Rather than challenge these transformations New Labour embraced them as part of a ‘modernising’ project: a superficially plausible psephological critique relating to the need for Labour to move beyond their core constituencies eventually morphed into a deeply ideological embrace of the free-market. The architects of New Labour uncritically accepted much free market dogma and seized upon the financial markets in particular as an engine of economic growth. They derided talk of socialism and redistribution as anachronistic ideological baggage and argued that a ‘modern’ party must accept the reality of ‘globalisation’ while trying to utilise continual economic growth to fund programs of public spending driven by leftist values. This attempt to utilise the ‘dynamism’ of finance for social ends led to an unholy marriage between New Labour and the wealthy: ministers came to deify the ‘wealth creators’ and promulgate their perceived virtues. Progress was seen to consist in bringing the apparent expertise of business into the public sector. A pragmatic analysis of how to pursue leftist goals in an undoubtedly changing world ultimately led to the most profound betrayal of those goals imaginable… and it paved the way for a ‘progressive conservatism’ aiming to irrevocably entrench the revolution of the 1980s through unprecedented spending cuts, the effective privatization of the education system, a committed attack on the expansion of higher education and the remoralization of poverty.

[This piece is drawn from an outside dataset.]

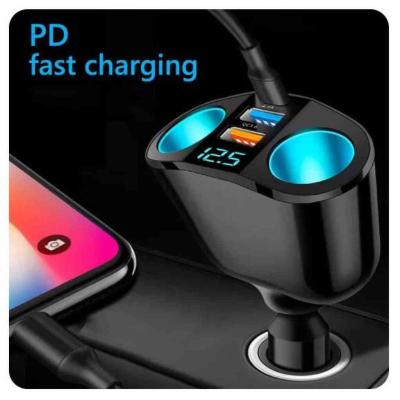 13115 QC3024 Pr�mium aut�s t�lt� 2 USB porttal + 2 szivargy�jt� + PD AUTOLIFE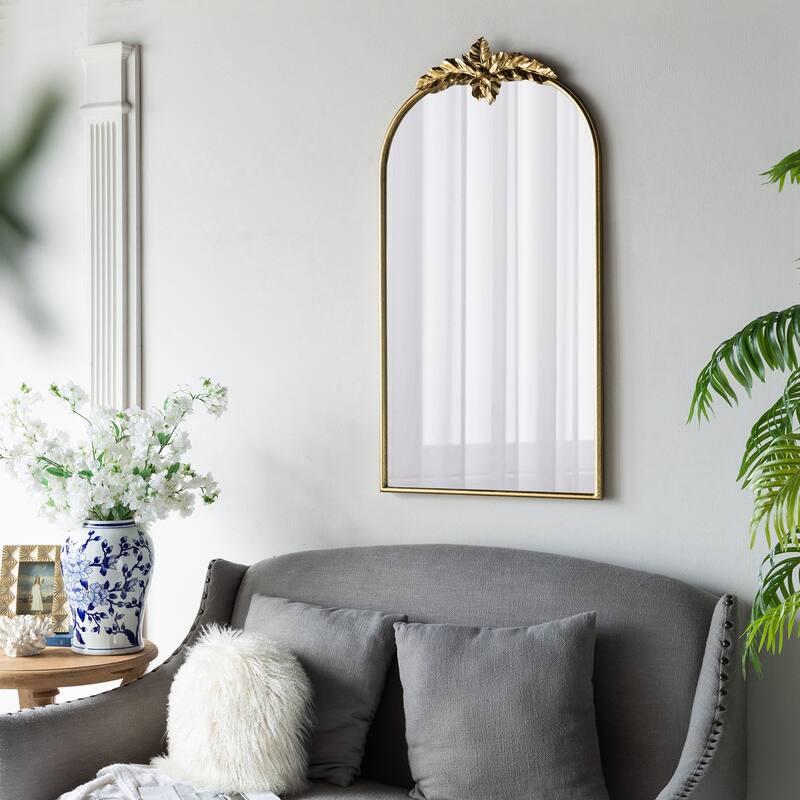 24" x 42" Arched Wall Mirror with Gold Metal Frame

This is a powerful book, as Seymour utilises the erudition he regularly exhibits on Lenin’s Tomb to great polemic effect without sacrificing the analytical rigour which so often characterises his writing. It pursues a number of distinct aims and yet it somehow manages to be more than the sum of its parts. Perhaps this is because the overarching purpose of the book is at heart a simple one. While this purpose pervades the book it is at its most explicit in the final paragraph when Seymour directly explains the ‘meaning of David Cameron’:

“Cameronism comes with irenic intonations, soothing, anaesthising language about change, just at the time when an epochal social crisis with deep political polarisation is about to be visited on this unhappy island-state. Just as Margaret Thatcher launched a bellicose administration with a pacific quote from St Francis of Assisi, so David Cameron comes to us as an agent or discord, distress and social misery, with an olive branch thrust towards his opponents. What is the meaning of David Cameron? He means war.”

At a time when the coalition government is committed to cuts which will affect our “whole way of life” Seymour offers a timely critique of a radical right wing agenda (‘rethinking the role of the state’) presented as an unavoidable solution to an otherwise insurmountable problem. Furthermore he offers a great insight into the transformations within political culture which have allowed such an agenda to be presented as a ‘progressive’ project. Inevitably for such a short book there are questions raised which lack answers: for example how does the Con-Dem agenda fit into the wider ‘politics of austerity’ in Europe and beyond?  Nonetheless this is a valuable and judicious book which deserves to be read by all those interested in the future of British politics.